La funzione dell’opera dipinta e scolpita è esattamente questa invece, quella cioè di mostrarci costantemente che il nostro sguardo è sostanzialmente identico a quello di un ateniese del 500 AC piuttosto che di un fiorentino del 500 o un egiziano di 3000 anni fa. Nel fare ciò l’opera d’arte ci costringe a riconsiderare la sostanziale unità dell’umanità tutta e la natura illusoria di un progresso di mutamento infinito e direzionato, mostrandoci in effetti che ciò che è più lontano nel tempo e che scaturisce direttamente dall’origine delle civiltà è infinitamente migliore di ciò che oggi riusciamo a realizzare: chi sarebbe oggi capace di scolpire infatti come il Bernini dell’Apollo e Dafne o il Prassitele dell’Hermes o lo scultore che ritrasse Nefertiti?
Nessuno, e dobbiamo esserne certi, anche se non si deve escludere mai la possibilità di un riaprirsi di questa possibilità come il Rinascimento lo fu rispetto all’antichità proprio in una riconsiderazione ciclica della natura del tempo.
Il fatto che l’opera nel suo essere contraddica quindi il progredire infinito del tempo verso il suo compimento piegandolo e invertendo proprio di quel tempo la direzione nella sua sostanza più profonda, ha reso necessario che essa fosse relegata nelle sale dei musei in una collocazione essenzialmente cronologica, per fare in modo di contrastare questa sua funzione strutturale.
Ecco quindi che, vista in questa prospettiva, l’opera d’arte compiuta nel suo essere figura che si colloca perennemente nello spazio pubblico nella sua materialità pittorica e scultorea diviene un importantissimo elemento per correggere la tendenza apocalittica che attraversa l’Occidente e che lo rende perennemente impreparato ad ogni evenienza tragica proprio perché volontariamente e strumentalmente ignorante della sua propria natura.

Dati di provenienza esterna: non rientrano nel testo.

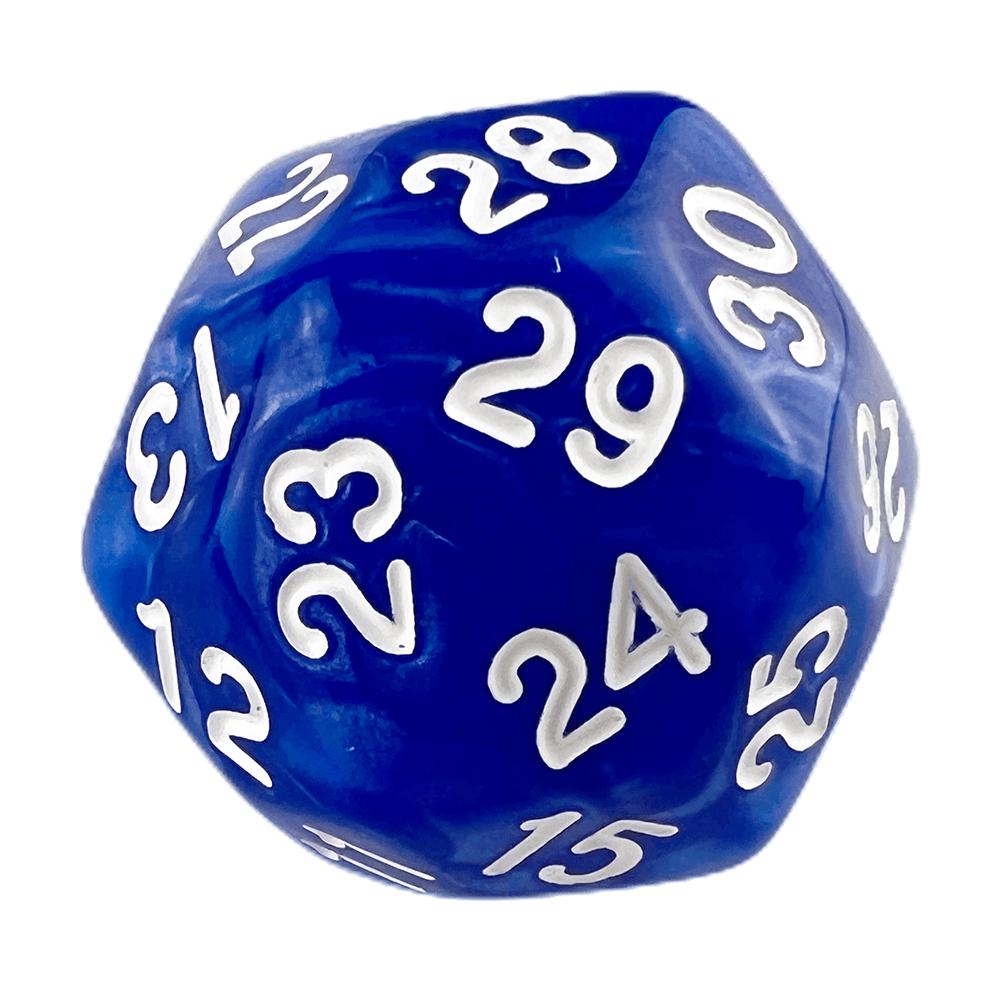 Dice D30 Polyhedral Dice Marble Effect Dice for Role Plsying Game Board Game Accessories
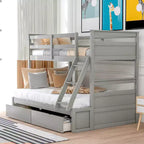 Lit superposé Whisen double sur intégral avec 2 tiroirs de rangement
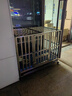 金百特 【不锈钢狗笼子】 金毛狗笼子中大型犬狗笼子宠物狗狗笼子狗屋高档狗别墅 长110*72*95【带蓝色垫板】+20cm狗碗 实拍图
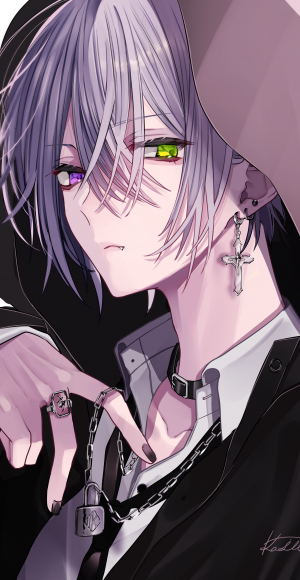 オッドアイ男子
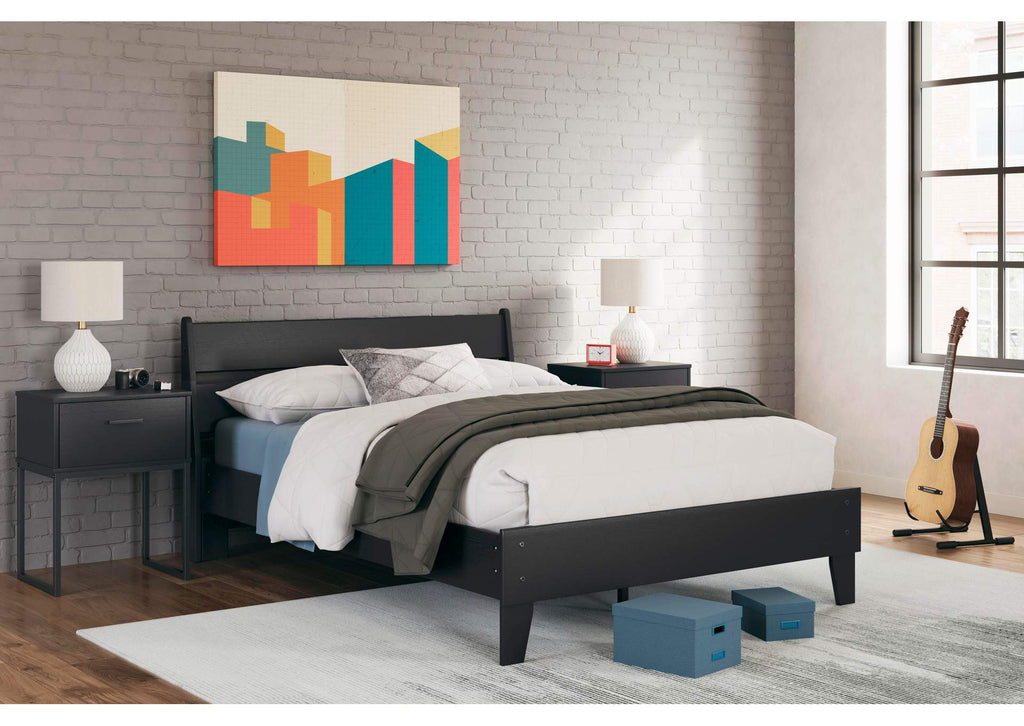 Socalle Full Panel Platform Bed and Dresser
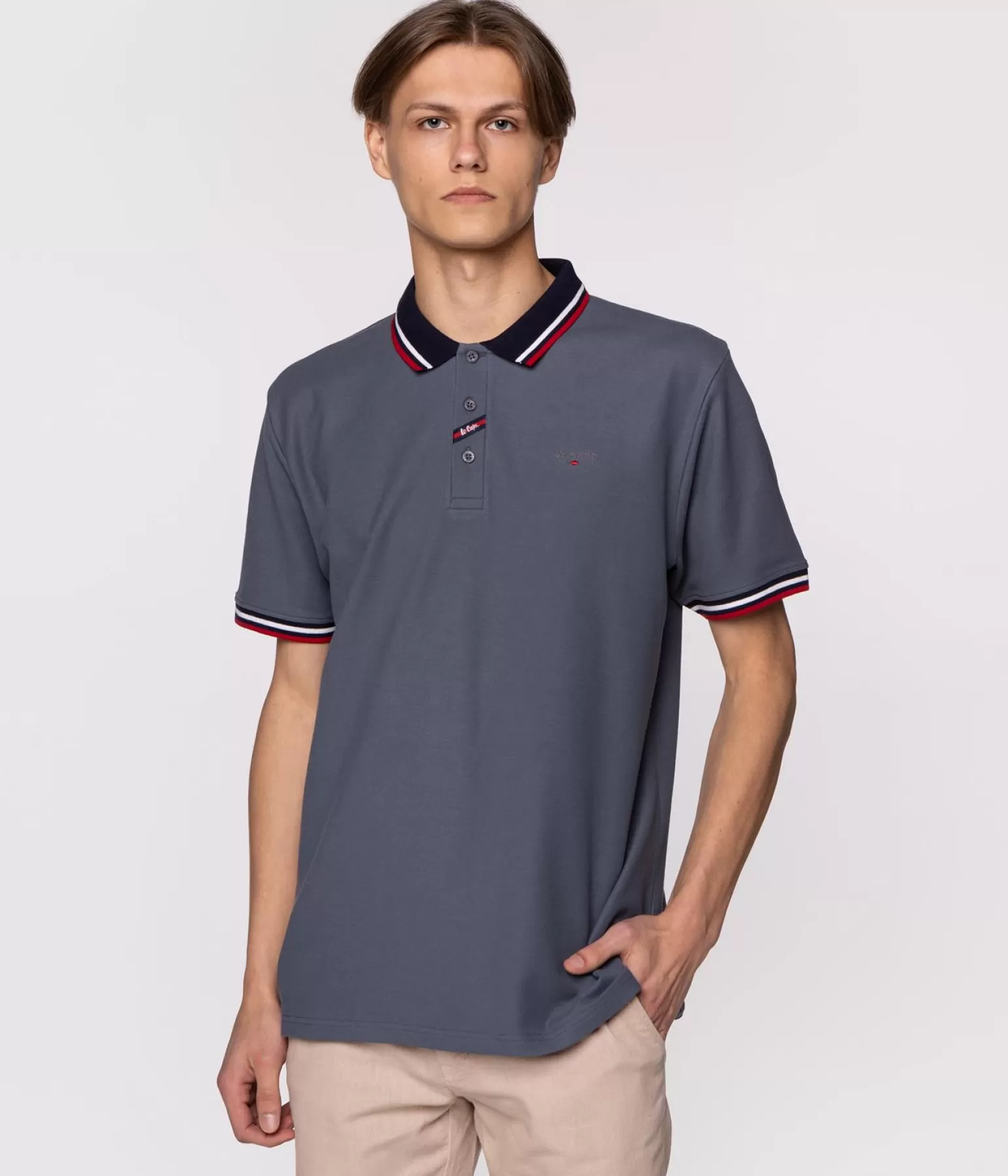 Lee Cooper Polo*Koszulka Polo FALCON 2434 STORMY WEATHER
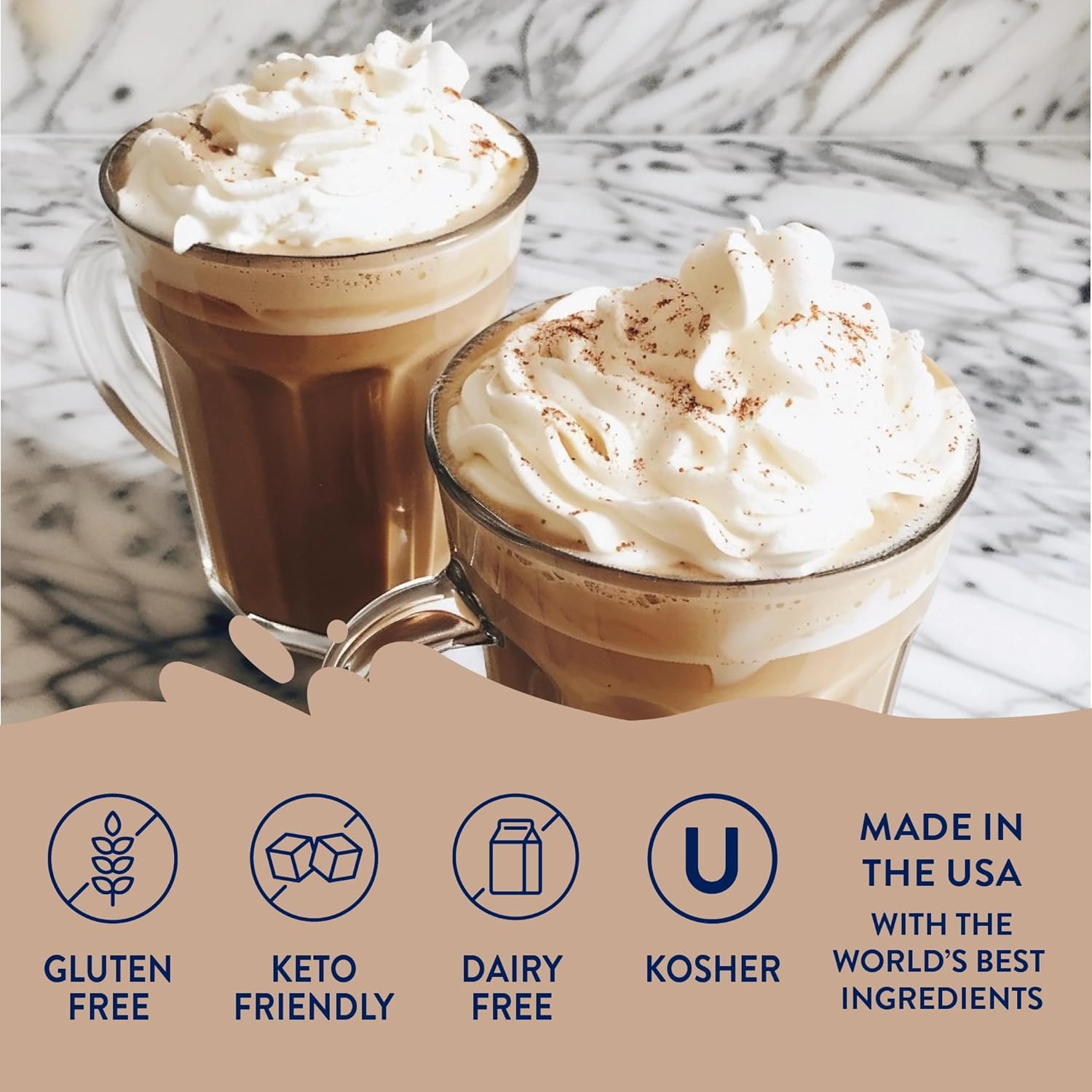 Label close-up on bottle highlighting Jordan's Skinny Mixes ingredients and quality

Non si tratta quindi di ipotizzare una regressione verso un tempo mitico e di eliminare del tutto la visione teleologica del tempo dall’occidente monoteista, ma piuttosto di recuperare la funzione dialettica che l’opera d’arte esercitò per secoli al fine di controbilanciare la spinta teleologica con il suo enorme potere, cosa che invece ritengo sia possibile oltre che assolutamente necessaria.